Unlike the binomial, there is no fixed number of trials: keep trying until you succeed, then count the failures.

Valid PMF check

Pull out the constant $p$ and recognize a geometric series:

$$\sum_{k=0}^{\infty} p\, q^k = p \cdot \frac{1}{1 - q} = p \cdot \frac{1}{p} = 1$$

Since $1 - q = p$, the total is $1$. This geometric series is exactly why the distribution is called geometric, just as the binomial theorem validates the binomial PMF.

Expectation — three ways

The expectation is $E(X) = \dfrac{q}{p}$, derived three ways. By definition,

$$E(X) = \sum_{k=0}^{\infty} k\, p\, q^k = p \sum_{k=1}^{\infty} k\, q^k$$

(start at $k = 1$ since the $k = 0$ term is $0$). The bare $k$ in front blocks a direct geometric-series evaluation.

Method A — differentiate a known series

Start from what we know:

$$\sum_{k=0}^{\infty} q^k = \frac{1}{1 - q}$$

Differentiate both sides with respect to $q$. The left side gives $\sum_{k=1}^{\infty} k\, q^{k-1}$; the right side gives $\frac{1}{(1-q)^2}$ (the minus from the derivative and the minus from the chain rule cancel). Multiply both sides by $q$ to fix the exponent:

$$\sum_{k=1}^{\infty} k\, q^k = \frac{q}{(1-q)^2} = \frac{q}{p^2}$$

So $E(X) = p \cdot \dfrac{q}{p^2} = \dfrac{q}{p}$.

Method B — story proof / first-step analysis (no calculus)

Let $c = E(X)$ and solve for $c$ by conditioning on the first flip, like Gambler's Ruin:

With probability $p$, the first flip is a success: $0$ failures, contributing $0$.
With probability $q$, the first flip is a failure: that's $1$ failure, and then — because the coin is memoryless — the problem restarts identically, contributing $1 + c$.

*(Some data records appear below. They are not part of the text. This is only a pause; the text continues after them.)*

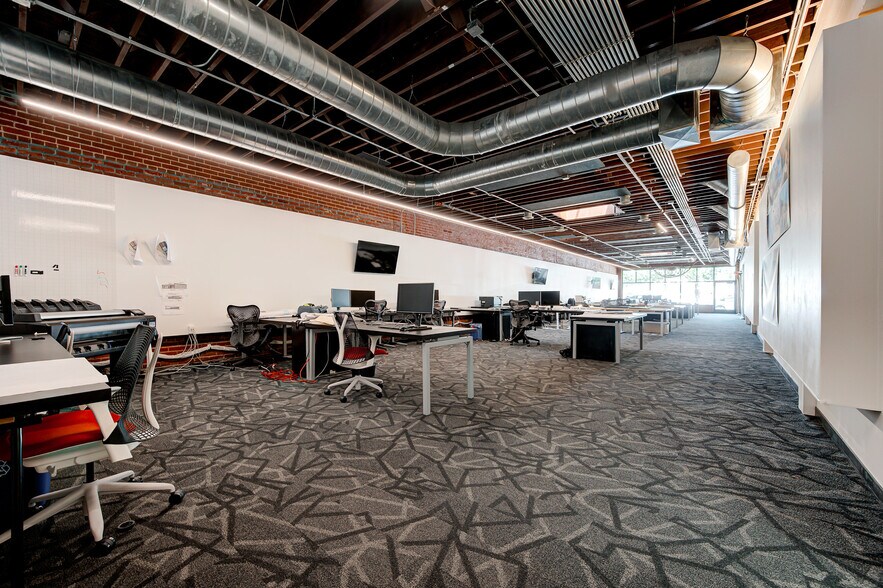 More Photos Of 706-708 W Sheridan Ave, Oklahoma City Office For Lease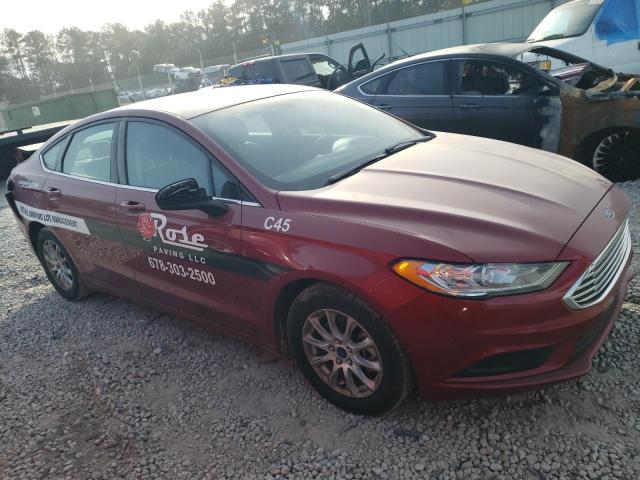 3FA6P0G76HR368967 | 2017 FORD FUSION S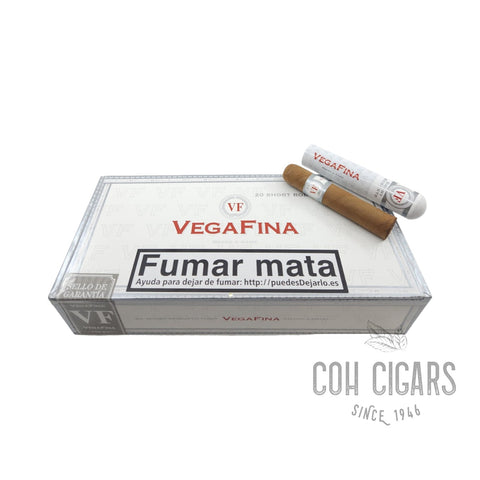 Vegafina Cigar | Short Robusto A/T  | Box 20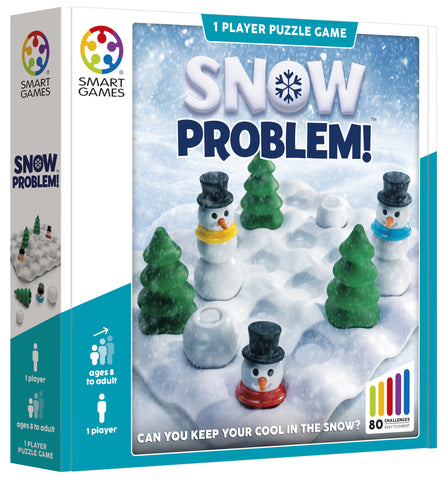 Snow Problem - Brain Spice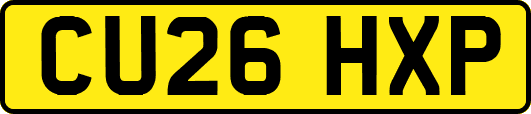 CU26HXP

$$c = p \cdot 0 + q\,(1 + c) = q + cq.$$

Solving, $c - cq = q$, so $c(1 - q) = q$, hence $c = \dfrac{q}{p}$ (using $1 - q = p$).

Conclusion

Both routes give $E(X) = \dfrac{q}{p}$. The story proof avoids calculus by exploiting that the coin is memoryless — after one failure, the future is a fresh copy of the same problem.